简体   繁体   中英

Spark Dataframe issue in overwriting the partition data of Hive table

Below is my Hive table definition:

CREATE EXTERNAL TABLE IF NOT EXISTS default.test2(
id integer,
count integer
)
PARTITIONED BY (
fac STRING,
fiscaldate_str DATE )
STORED AS PARQUET
LOCATION 's3://<bucket name>/backup/test2';

I have the data in hive table as below, (I just inserted sample data)

select * from default.test2

+---+-----+----+--------------+
| id|count| fac|fiscaldate_str|
+---+-----+----+--------------+
|  2|    3| NRM|    2019-01-01|
|  1|    2| NRM|    2019-01-01|
|  2|    3| NRM|    2019-01-02|
|  1|    2| NRM|    2019-01-02|
|  2|    3| NRM|    2019-01-03|
|  1|    2| NRM|    2019-01-03|
|  2|    3|STST|    2019-01-01|
|  1|    2|STST|    2019-01-01|
|  2|    3|STST|    2019-01-02|
|  1|    2|STST|    2019-01-02|
|  2|    3|STST|    2019-01-03|
|  1|    2|STST|    2019-01-03|
+---+-----+----+--------------+

This table is partitioned on two columns (fac, fiscaldate_str) and we are trying to dynamically execute insert overwrite at partition level by using spark dataframes - dataframe writer.

However, when trying this, we are either ending up with duplicate data or all other partitions got deleted.

Below are the codes snippets for this using spark dataframe.

First I am creating dataframe as

df = spark.createDataFrame([(99,99,'NRM','2019-01-01'),(999,999,'NRM','2019-01-01')], ['id','count','fac','fiscaldate_str'])

df.show(2,False)
+---+-----+---+--------------+
|id |count|fac|fiscaldate_str|
+---+-----+---+--------------+
|99 |99   |NRM|2019-01-01    |
|999|999  |NRM|2019-01-01    |
+---+-----+---+--------------+
  1. Getting duplicate with below snippet,

    df.coalesce(1).write.mode("overwrite").insertInto("default.test2")

  2. All other data get deleted and only the new data is available.

    df.coalesce(1).write.mode("overwrite").saveAsTable("default.test2")

OR

   df.createOrReplaceTempView("tempview")

tbl_ald_kpiv_hist_insert = spark.sql("""
INSERT OVERWRITE TABLE default.test2 
partition(fac,fiscaldate_str) 
select * from tempview
""")

I am using AWS EMR with Spark 2.4.0 and Hive 2.3.4-amzn-1 along with S3.

Can anyone have any idea why I am not able to dynamically overwrite the data into partitions ?

Your question is less easy to follow, but I think you mean you want a partition overwritten.
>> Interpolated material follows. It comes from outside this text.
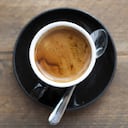 Vitaminas B, K y antioxidantes, son algunos nutrientes que aporta el consumo de café. Foto: Getty images.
If so, then this is what you need, all you need - the second line:

df = spark.createDataFrame([(99,99,'AAA','2019-01-02'),(999,999,'BBB','2019-01-01')], ['id','count','fac','fiscaldate_str'])
df.coalesce(1).write.mode("overwrite").insertInto("test2",overwrite=True) 

Note the overwrite=True. The comment made is neither here nor there, as the DF.writer is being used. I am not addressing the coalesce(1).

Comment to Asker

I ran this as I standardly do - when prototyping and answering here - on a Databricks Notebook and expressly set the following and it worked fine:

spark.conf.set("spark.sql.sources.partitionOverwriteMode","static")
spark.conf.set("hive.exec.dynamic.partition.mode", "strict")

You ask to update the answer with:

spark.conf.set("spark.sql.sources.partitionOverwriteMode","d‌​ynamic").

Can do as I have just done; may be in your environment this is needed, but I did certainly not need to do so.

UPDATE 19/3/20

This worked on prior Spark releases, now the following applie afaics:

spark.conf.set("spark.sql.sources.partitionOverwriteMode", "dynamic")
// In Databricks did not matter the below settings
//spark.conf.set("hive.exec.dynamic.partition", "true")
//spark.conf.set("hive.exec.dynamic.partition.mode", "nonstrict")

Seq(("CompanyA1", "A"), ("CompanyA2", "A"), 
    ("CompanyB1", "B"))
.toDF("company", "id")
.write
.mode(SaveMode.Overwrite)
.partitionBy("id")
.saveAsTable("KQCAMS9")

spark.sql(s"SELECT * FROM KQCAMS9").show(false)

val df = Seq(("CompanyA3", "A"))
.toDF("company", "id")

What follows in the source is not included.